Obwohl der Hintergrund der beiden wichtigsten Charaktere aufgerollt wird und diese sich weiter entwickeln, vernachlässigt die Autorin die Handlung kein bisschen. Flucht- und Kampfszenen sorgen für spannende Action, und ganz selten wird sogar mit einer Prise Erotik gewürzt. Der Leser erhält einige Antworten, die jedoch wieder neue Fragen aufwerfen. Der Band endet zwar nicht mit einem Cliffhanger, aber mit Mira in einer neuen Position.

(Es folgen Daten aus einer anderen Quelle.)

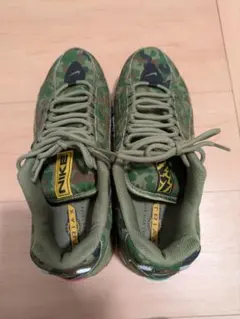 ナイキ　nike エアマックス　トライアックス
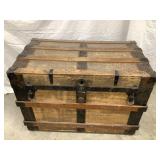 Primitive Wood Flat Top Trunk, 34ï¿½T, 24ï¿½T, 20ï¿½D,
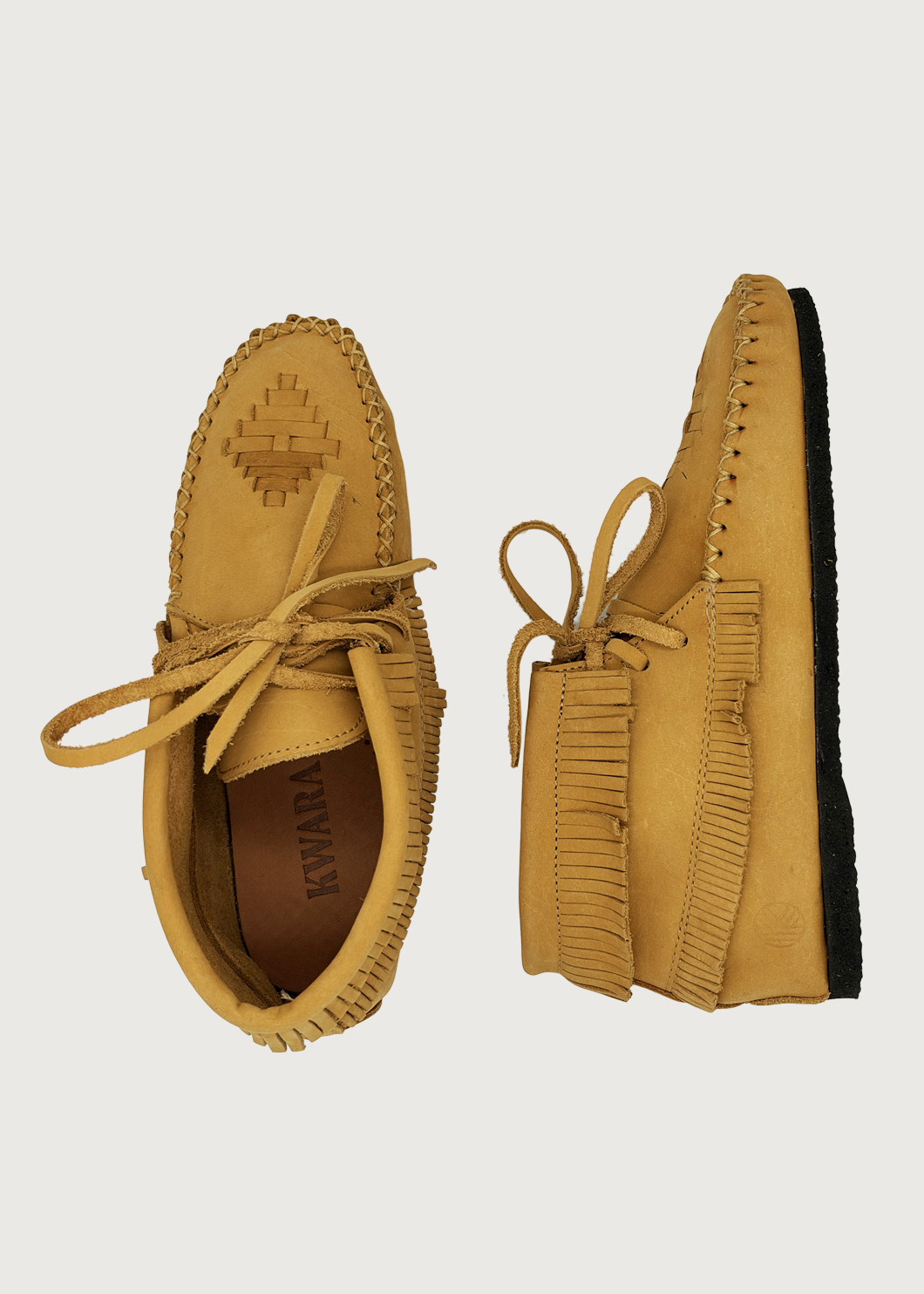 Par de botines Bronco Mujer color miel con flecos, vista diagonal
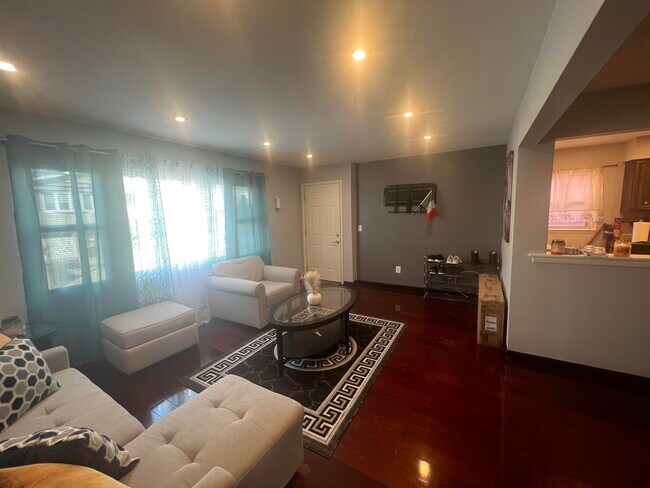Foto del edificio - 1325 46th St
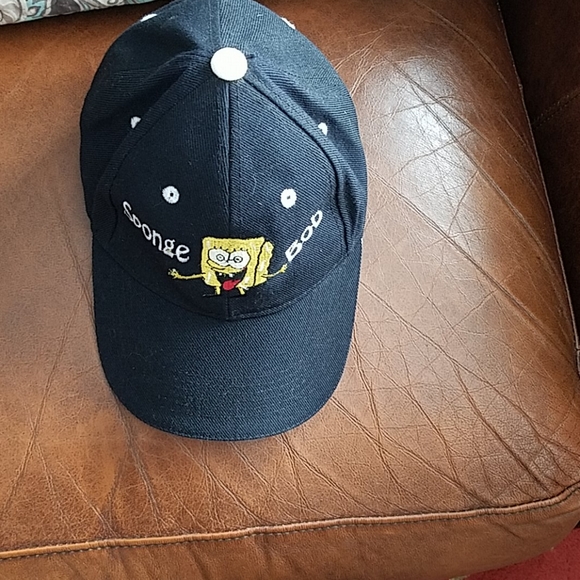 SpongeBob hat - Picture 1 of 3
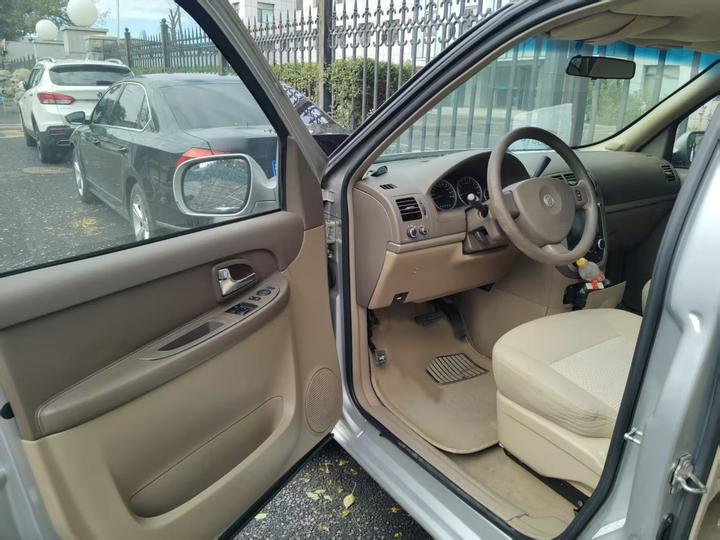GL8 2014 2.4L Comfort photo 7
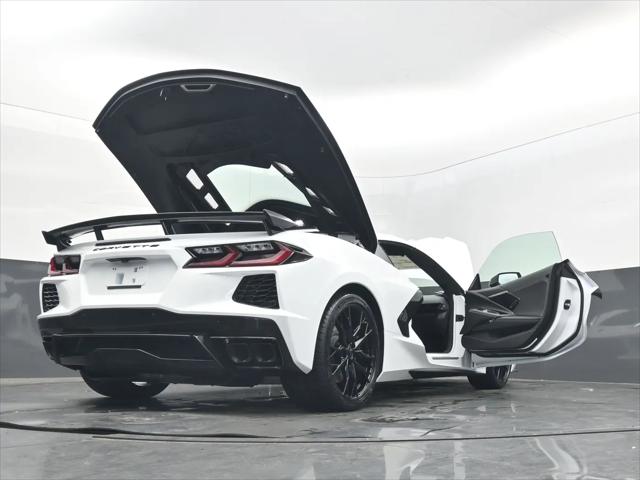 2026 Chevrolet Corvette Stingray Coupe, 2LT, RWD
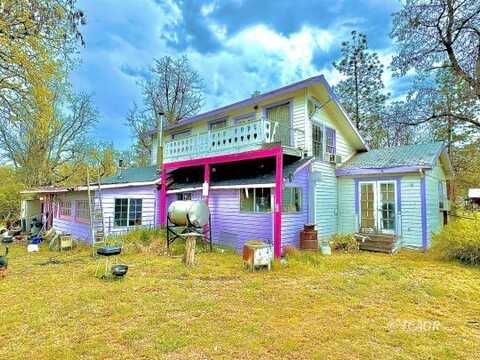 86 Center St, Hayfork, CA 96041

Der Konflikt mit den Naturi ist noch nicht beendet, und parallel dazu erwächst ein zweiter innerhalb der Vampirgesellschaft. Man darf wahrlich gespannt sein, wie es weitergeht! Die Serie „Jägerin der Nacht“ erfreut mit viel Phantastik und Action, interessanten, vielschichtigen Charakteren und einer komplexen Handlung, die immer wieder mit unerwarteten Wendungen überrascht. „Dayhunter“ hat sich gegenüber „Nightwalker“ sogar noch steigern können, denn nicht nur ist der Leser nun mit dieser Welt vertraut, sondern er erhält auch einige wesentliche Informationen, durch die die Hauptfiguren an Tiefe gewinnen, und die Story erreicht einen neuen Höhepunkt.

Hat man Spaß an Titeln wie „Stadt der Finsternis“, „Dark Swan“ oder „Vom Dämon gezeichnet“, wird man auch von Jocelynn Drakes Büchern bestens unterhalten.